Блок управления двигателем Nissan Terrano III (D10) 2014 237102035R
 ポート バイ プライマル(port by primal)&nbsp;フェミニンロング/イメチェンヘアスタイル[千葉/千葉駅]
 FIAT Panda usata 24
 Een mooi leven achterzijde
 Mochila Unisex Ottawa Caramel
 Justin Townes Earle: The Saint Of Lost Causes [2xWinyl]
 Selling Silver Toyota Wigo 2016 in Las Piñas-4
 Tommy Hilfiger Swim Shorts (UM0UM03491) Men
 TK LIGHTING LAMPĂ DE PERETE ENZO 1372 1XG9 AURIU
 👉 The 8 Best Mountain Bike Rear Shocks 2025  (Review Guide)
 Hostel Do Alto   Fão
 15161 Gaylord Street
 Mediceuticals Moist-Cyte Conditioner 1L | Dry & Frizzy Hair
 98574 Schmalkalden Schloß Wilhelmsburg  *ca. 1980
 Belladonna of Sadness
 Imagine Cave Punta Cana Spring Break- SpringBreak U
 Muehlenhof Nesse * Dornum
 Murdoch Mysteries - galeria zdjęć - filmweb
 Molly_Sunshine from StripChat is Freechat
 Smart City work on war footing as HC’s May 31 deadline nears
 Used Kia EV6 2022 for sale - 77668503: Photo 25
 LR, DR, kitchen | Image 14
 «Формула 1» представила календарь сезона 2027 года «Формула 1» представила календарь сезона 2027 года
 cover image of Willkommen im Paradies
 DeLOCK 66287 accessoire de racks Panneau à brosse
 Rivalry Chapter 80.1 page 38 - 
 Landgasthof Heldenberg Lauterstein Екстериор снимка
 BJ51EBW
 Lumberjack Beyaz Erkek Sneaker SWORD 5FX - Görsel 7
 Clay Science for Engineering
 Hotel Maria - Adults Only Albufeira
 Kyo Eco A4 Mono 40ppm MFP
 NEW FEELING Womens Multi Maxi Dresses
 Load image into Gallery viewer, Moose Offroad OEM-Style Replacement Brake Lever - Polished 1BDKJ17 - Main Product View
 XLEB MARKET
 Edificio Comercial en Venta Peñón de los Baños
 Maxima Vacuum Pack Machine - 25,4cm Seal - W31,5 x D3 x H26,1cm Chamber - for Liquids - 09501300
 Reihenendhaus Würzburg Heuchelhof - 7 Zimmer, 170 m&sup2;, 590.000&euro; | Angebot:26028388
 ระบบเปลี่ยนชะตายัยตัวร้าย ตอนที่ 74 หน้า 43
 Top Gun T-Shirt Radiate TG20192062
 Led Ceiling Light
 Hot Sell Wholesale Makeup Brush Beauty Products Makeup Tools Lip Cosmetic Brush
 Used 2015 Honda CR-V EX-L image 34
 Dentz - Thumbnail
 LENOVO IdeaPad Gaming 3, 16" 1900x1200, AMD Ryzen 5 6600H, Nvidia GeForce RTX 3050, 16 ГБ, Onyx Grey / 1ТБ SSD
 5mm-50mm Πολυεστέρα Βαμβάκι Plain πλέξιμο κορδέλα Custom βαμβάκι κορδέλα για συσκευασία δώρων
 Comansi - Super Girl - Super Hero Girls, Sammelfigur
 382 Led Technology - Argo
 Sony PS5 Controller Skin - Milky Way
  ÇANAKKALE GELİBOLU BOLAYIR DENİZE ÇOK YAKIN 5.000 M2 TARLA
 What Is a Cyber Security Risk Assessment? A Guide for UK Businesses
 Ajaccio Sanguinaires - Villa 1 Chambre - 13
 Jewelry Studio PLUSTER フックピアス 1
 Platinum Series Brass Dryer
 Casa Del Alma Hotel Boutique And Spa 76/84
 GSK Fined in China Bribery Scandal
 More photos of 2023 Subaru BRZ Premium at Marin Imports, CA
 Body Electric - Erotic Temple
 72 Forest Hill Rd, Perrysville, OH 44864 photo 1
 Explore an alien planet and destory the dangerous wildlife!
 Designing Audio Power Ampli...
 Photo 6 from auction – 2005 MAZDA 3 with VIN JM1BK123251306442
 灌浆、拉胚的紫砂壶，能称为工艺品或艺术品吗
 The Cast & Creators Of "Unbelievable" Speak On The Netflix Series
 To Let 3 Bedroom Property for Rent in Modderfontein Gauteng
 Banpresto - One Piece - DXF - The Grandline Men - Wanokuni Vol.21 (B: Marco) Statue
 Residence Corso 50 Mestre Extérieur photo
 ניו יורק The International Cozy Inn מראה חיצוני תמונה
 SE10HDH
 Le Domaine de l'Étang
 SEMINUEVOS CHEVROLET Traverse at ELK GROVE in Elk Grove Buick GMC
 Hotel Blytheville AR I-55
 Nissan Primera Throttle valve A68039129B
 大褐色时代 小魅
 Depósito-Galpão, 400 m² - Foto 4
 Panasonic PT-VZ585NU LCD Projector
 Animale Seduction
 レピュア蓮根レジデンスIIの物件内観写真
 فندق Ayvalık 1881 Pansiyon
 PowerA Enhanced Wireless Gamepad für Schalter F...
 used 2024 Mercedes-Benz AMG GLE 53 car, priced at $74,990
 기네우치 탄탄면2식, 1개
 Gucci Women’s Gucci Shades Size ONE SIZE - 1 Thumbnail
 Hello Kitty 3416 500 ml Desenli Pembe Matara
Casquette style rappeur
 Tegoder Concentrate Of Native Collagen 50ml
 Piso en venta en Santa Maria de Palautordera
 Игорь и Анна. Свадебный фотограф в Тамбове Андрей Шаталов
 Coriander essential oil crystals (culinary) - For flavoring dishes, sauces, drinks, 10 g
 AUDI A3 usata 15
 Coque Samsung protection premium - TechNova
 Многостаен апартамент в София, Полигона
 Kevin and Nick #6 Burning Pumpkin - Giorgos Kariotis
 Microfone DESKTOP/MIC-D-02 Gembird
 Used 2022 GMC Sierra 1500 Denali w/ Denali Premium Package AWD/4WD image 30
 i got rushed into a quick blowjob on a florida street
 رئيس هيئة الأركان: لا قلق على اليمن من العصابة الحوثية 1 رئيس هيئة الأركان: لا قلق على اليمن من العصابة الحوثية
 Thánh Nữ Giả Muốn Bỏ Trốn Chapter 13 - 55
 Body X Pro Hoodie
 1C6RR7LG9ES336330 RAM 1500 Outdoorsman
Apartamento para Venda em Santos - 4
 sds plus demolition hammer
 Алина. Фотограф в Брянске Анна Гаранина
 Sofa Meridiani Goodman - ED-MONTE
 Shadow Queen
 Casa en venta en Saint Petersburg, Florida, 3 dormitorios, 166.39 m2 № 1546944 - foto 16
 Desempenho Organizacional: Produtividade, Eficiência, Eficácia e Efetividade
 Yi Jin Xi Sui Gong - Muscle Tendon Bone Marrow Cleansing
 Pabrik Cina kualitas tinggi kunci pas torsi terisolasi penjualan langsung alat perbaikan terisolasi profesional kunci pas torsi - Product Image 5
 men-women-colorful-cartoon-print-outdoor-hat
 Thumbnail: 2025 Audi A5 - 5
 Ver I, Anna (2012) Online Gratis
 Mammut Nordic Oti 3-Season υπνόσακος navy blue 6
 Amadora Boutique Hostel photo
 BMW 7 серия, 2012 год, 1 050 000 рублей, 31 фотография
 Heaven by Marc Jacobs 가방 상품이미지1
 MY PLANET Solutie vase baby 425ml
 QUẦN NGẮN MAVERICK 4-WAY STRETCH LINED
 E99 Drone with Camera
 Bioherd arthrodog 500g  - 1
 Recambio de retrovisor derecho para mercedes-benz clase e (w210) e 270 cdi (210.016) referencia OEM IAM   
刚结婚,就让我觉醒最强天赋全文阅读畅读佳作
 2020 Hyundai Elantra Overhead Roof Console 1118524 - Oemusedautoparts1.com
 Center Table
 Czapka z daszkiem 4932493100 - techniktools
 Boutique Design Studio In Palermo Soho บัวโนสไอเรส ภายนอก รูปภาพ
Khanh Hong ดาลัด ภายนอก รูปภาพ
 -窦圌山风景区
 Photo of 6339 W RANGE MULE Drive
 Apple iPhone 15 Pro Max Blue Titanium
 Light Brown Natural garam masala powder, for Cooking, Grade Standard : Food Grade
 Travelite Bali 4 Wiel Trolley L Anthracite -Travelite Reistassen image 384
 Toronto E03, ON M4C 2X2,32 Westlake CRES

- [Task goal]:
Tell how many lines in the data above hold "from". Nothing but the number.

- [Exercise output]:
2